***** Task material *****

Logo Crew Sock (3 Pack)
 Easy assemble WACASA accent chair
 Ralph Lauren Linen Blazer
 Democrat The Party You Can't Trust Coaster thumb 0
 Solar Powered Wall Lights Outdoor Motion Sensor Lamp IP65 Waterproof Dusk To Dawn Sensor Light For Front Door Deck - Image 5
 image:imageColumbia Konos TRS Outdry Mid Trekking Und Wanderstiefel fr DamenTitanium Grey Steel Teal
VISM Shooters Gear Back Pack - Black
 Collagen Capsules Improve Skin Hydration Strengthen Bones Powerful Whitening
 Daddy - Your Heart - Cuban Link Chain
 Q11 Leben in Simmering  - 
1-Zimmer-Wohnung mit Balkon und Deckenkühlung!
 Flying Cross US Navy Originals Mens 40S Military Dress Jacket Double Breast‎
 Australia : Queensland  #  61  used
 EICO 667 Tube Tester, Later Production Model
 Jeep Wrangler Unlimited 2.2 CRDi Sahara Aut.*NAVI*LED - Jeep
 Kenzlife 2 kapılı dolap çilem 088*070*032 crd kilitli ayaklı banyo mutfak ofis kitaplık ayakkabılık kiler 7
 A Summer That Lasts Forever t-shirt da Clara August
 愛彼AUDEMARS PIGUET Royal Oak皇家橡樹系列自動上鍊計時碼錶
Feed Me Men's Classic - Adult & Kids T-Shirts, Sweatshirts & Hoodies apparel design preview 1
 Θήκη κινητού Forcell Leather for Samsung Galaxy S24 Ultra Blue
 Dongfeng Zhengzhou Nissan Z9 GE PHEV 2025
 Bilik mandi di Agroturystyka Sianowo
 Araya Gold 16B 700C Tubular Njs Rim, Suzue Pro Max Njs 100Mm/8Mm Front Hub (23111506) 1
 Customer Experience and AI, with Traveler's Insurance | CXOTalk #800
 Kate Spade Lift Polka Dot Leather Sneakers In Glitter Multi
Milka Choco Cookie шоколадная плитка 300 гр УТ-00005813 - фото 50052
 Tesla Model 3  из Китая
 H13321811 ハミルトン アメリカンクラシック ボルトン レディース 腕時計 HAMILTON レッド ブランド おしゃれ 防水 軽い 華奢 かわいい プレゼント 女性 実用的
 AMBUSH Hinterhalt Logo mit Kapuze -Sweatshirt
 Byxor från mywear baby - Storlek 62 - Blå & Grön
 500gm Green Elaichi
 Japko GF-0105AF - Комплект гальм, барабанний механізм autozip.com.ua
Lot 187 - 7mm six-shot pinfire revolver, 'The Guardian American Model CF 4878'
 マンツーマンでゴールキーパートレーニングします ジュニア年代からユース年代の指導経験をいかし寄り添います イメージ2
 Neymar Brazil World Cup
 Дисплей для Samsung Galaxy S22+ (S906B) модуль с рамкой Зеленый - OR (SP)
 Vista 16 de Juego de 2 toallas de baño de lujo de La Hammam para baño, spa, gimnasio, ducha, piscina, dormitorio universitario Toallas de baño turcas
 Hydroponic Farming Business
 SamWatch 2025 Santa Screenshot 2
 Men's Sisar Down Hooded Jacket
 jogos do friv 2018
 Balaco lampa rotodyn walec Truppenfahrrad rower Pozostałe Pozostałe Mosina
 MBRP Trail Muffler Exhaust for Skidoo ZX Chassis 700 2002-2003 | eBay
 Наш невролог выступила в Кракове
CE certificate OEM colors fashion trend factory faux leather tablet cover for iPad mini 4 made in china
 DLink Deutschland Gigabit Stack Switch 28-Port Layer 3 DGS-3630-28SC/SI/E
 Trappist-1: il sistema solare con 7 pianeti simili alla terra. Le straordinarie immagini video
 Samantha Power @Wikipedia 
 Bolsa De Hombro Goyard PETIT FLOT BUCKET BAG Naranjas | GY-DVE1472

*****

**Task:**
Return only the lines between the one holding "Tesla Model 3" and the one holding "Дисплей для Samsung", inclusive, exactly as they appear above.

**Answer box:**
 Tesla Model 3  из Китая
 H13321811 ハミルトン アメリカンクラシック ボルトン レディース 腕時計 HAMILTON レッド ブランド おしゃれ 防水 軽い 華奢 かわいい プレゼント 女性 実用的
 AMBUSH Hinterhalt Logo mit Kapuze -Sweatshirt
 Byxor från mywear baby - Storlek 62 - Blå & Grön
 500gm Green Elaichi
 Japko GF-0105AF - Комплект гальм, барабанний механізм autozip.com.ua
Lot 187 - 7mm six-shot pinfire revolver, 'The Guardian American Model CF 4878'
 マンツーマンでゴールキーパートレーニングします ジュニア年代からユース年代の指導経験をいかし寄り添います イメージ2
 Neymar Brazil World Cup
 Дисплей для Samsung Galaxy S22+ (S906B) модуль с рамкой Зеленый - OR (SP)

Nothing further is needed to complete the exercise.